## TASK ITEM
Below are the entries. Print only the lines starting at the one with "Thức uống sữa" and ending at the one with "Image of 36", exactly, with no pictures.

## DATASET ENTRIES
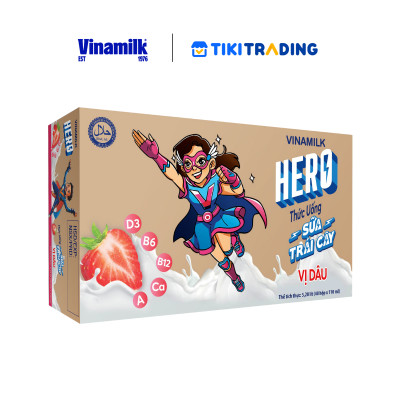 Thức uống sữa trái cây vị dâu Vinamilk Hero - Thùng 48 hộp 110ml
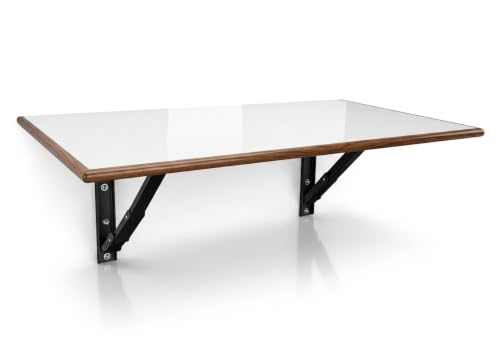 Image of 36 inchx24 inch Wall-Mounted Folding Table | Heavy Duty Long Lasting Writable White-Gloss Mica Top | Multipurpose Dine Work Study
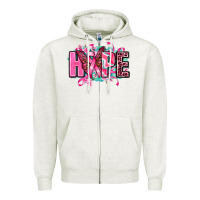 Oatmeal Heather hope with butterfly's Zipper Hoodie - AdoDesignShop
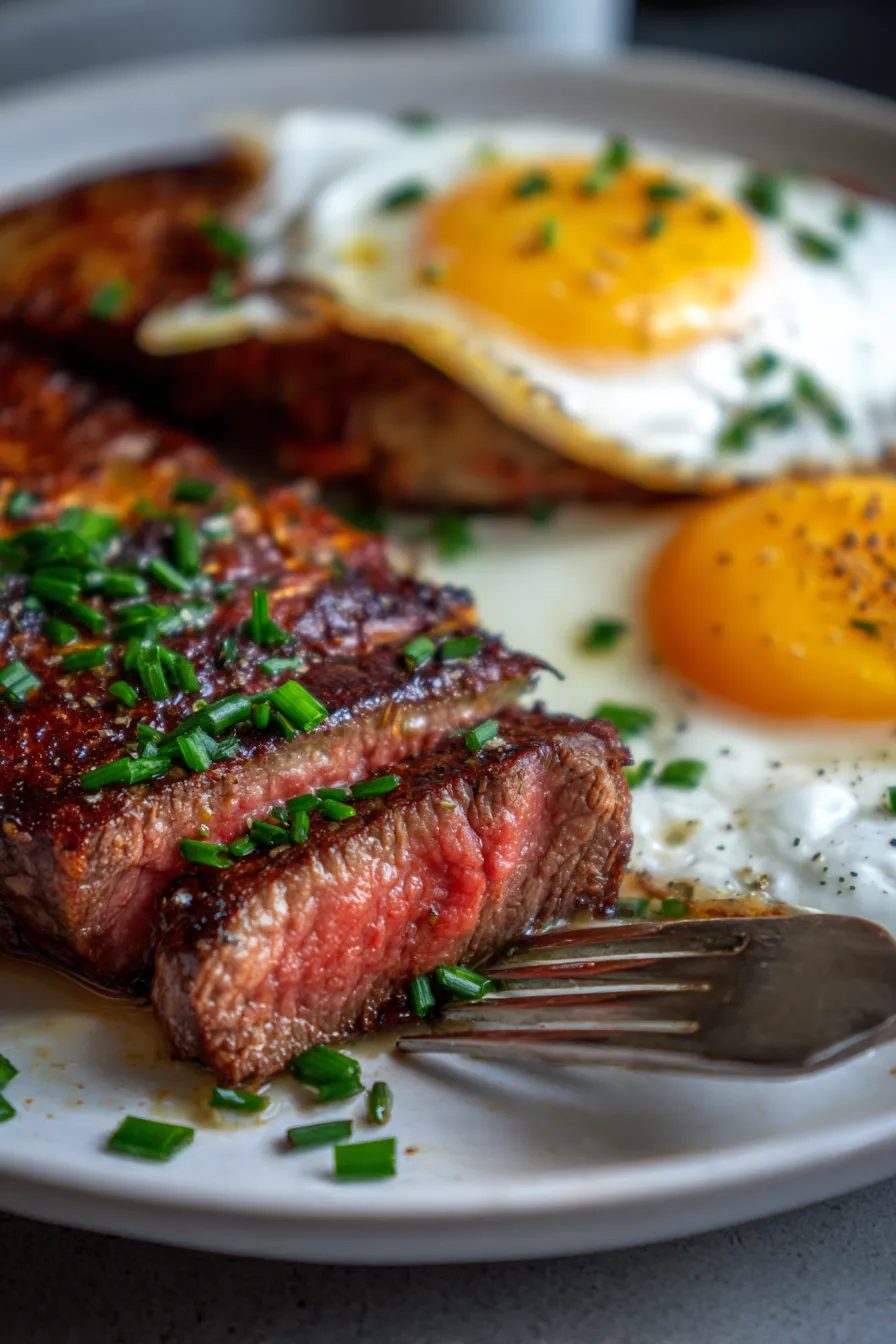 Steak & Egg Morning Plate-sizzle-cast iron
--
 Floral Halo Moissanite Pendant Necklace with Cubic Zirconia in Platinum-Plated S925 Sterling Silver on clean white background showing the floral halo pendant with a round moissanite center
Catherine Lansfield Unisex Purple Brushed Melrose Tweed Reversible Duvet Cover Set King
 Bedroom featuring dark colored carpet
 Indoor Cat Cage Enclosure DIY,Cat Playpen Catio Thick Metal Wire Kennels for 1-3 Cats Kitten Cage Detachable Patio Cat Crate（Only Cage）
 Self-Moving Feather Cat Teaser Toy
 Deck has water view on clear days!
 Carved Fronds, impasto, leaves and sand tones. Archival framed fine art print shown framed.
* * *
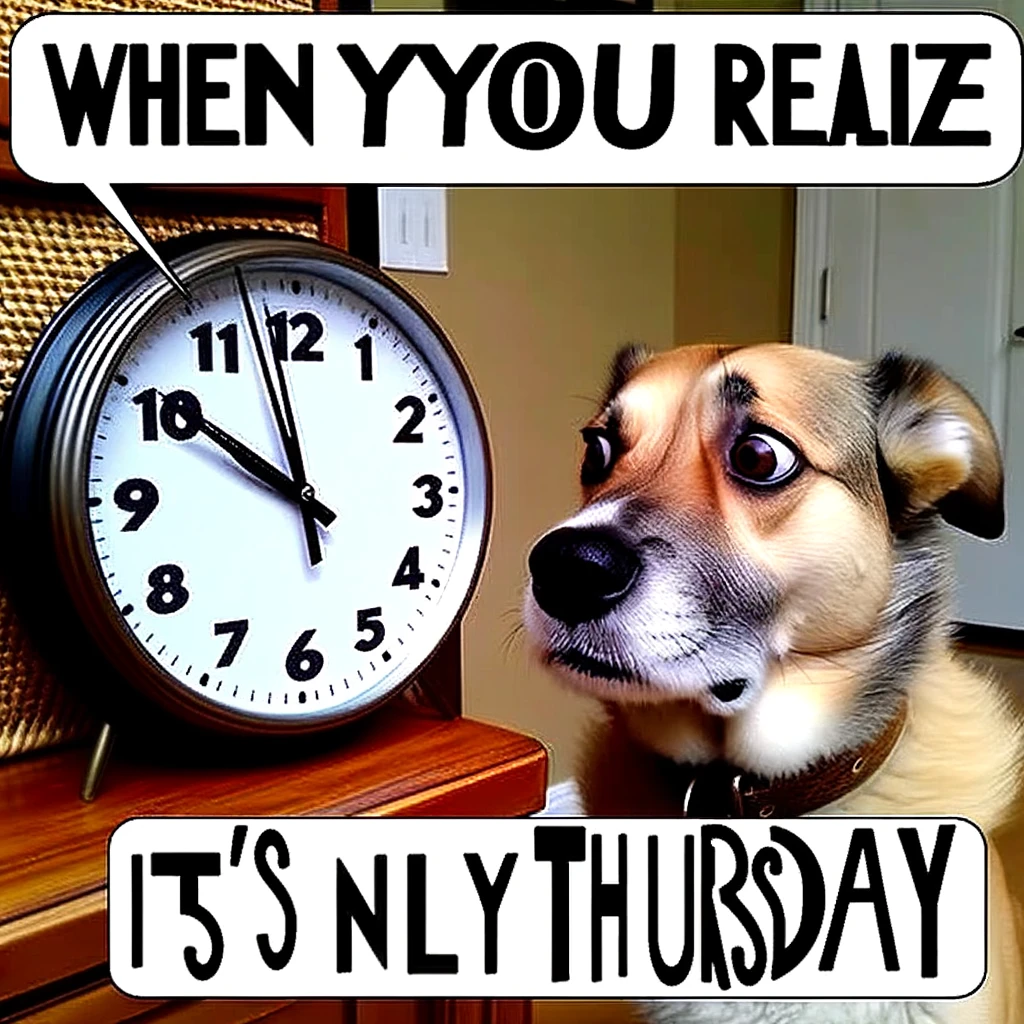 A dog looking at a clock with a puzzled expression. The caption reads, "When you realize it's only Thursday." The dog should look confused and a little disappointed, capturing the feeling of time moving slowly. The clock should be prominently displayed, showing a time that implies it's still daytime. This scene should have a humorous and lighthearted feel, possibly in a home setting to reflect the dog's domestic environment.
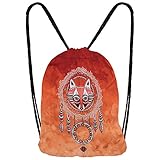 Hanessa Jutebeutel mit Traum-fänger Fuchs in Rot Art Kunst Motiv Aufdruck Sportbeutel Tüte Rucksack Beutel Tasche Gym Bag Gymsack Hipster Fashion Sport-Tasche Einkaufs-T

## EXERCISE RESPONSE
 Thức uống sữa trái cây vị dâu Vinamilk Hero - Thùng 48 hộp 110ml
 Image of 36 inchx24 inch Wall-Mounted Folding Table | Heavy Duty Long Lasting Writable White-Gloss Mica Top | Multipurpose Dine Work Study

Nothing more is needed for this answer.